DATASET CONTENT:

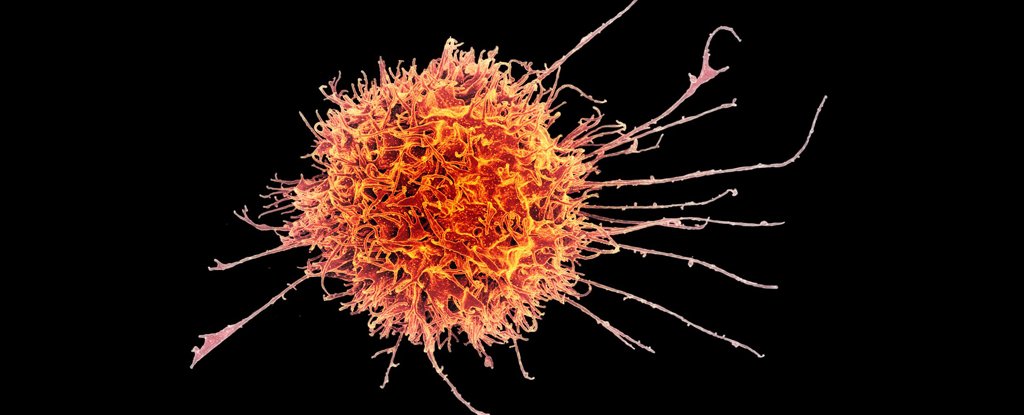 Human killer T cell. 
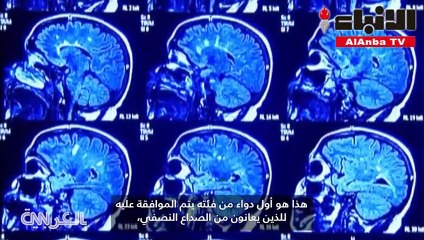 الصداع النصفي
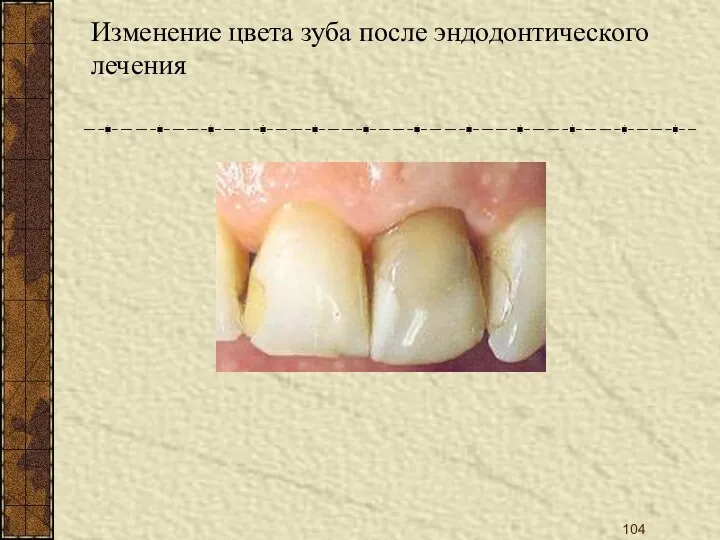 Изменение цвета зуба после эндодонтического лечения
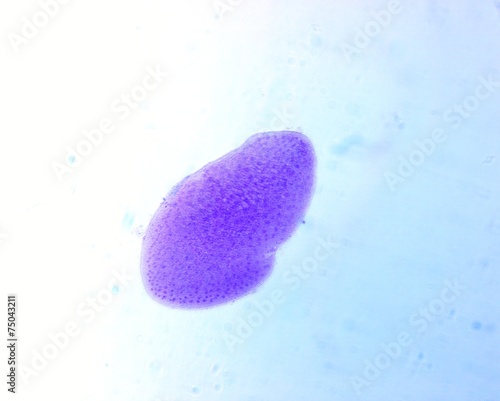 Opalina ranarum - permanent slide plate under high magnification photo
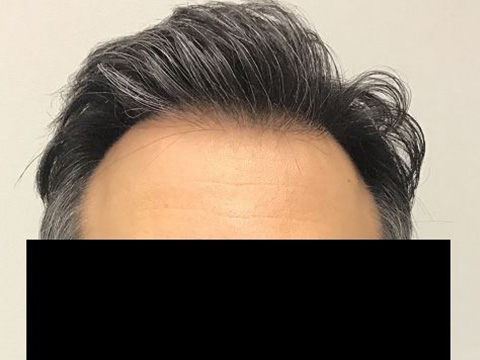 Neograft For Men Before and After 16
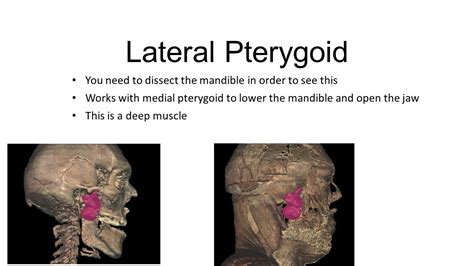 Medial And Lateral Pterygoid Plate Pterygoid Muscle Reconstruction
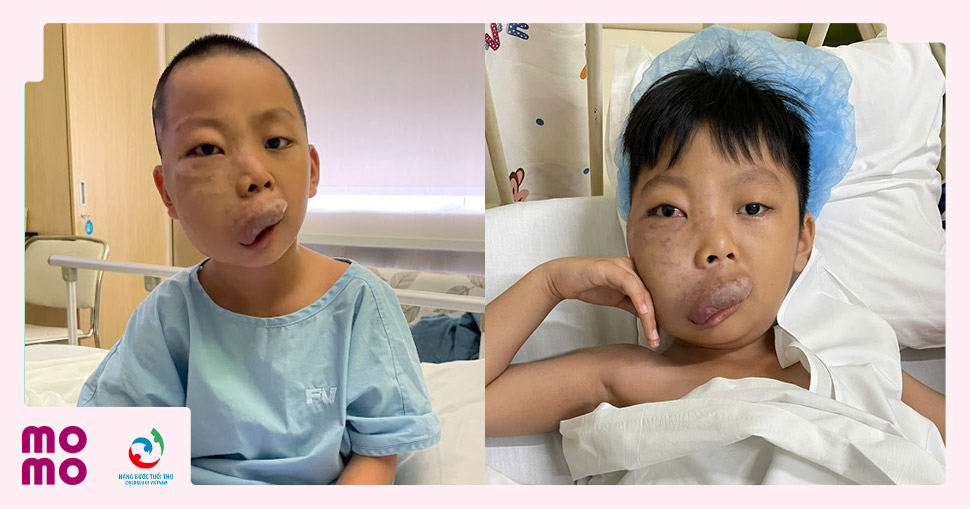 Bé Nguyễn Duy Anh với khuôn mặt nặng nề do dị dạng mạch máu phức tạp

==

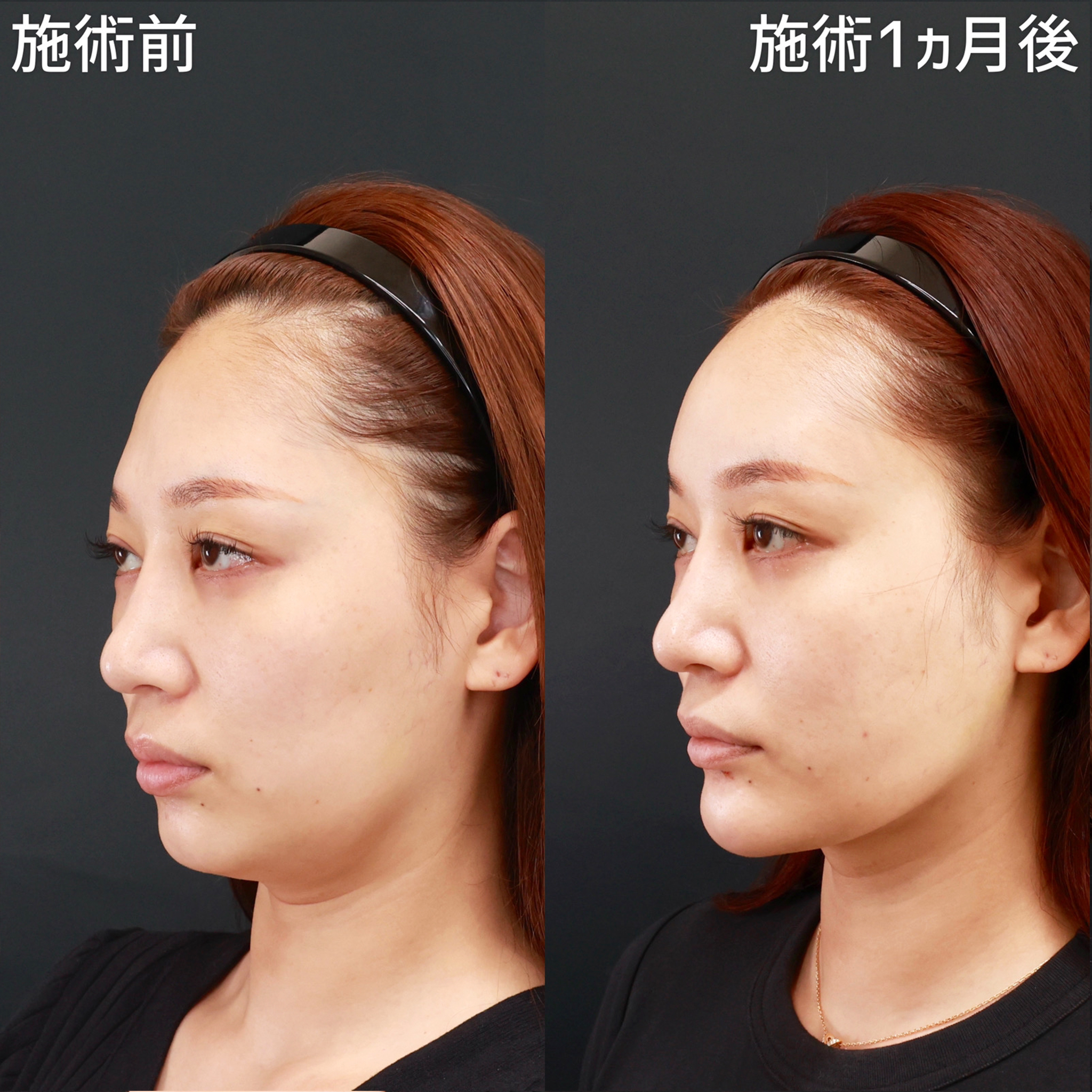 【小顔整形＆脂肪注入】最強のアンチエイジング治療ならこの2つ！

==

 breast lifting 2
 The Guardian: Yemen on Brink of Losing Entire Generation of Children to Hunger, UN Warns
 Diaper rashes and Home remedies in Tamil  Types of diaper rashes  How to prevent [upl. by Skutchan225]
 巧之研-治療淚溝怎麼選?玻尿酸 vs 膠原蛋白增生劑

YOUR OBJECTIVE: Once the line with "Human killer T cell." is found above, print it and every line after it through the line with "Bé Nguyễn Duy", exactly. Pictures stay out.

TASK ANSWER:
 Human killer T cell. 
 الصداع النصفي
 Изменение цвета зуба после эндодонтического лечения
 Opalina ranarum - permanent slide plate under high magnification photo
 Neograft For Men Before and After 16
 Medial And Lateral Pterygoid Plate Pterygoid Muscle Reconstruction
 Bé Nguyễn Duy Anh với khuôn mặt nặng nề do dị dạng mạch máu phức tạp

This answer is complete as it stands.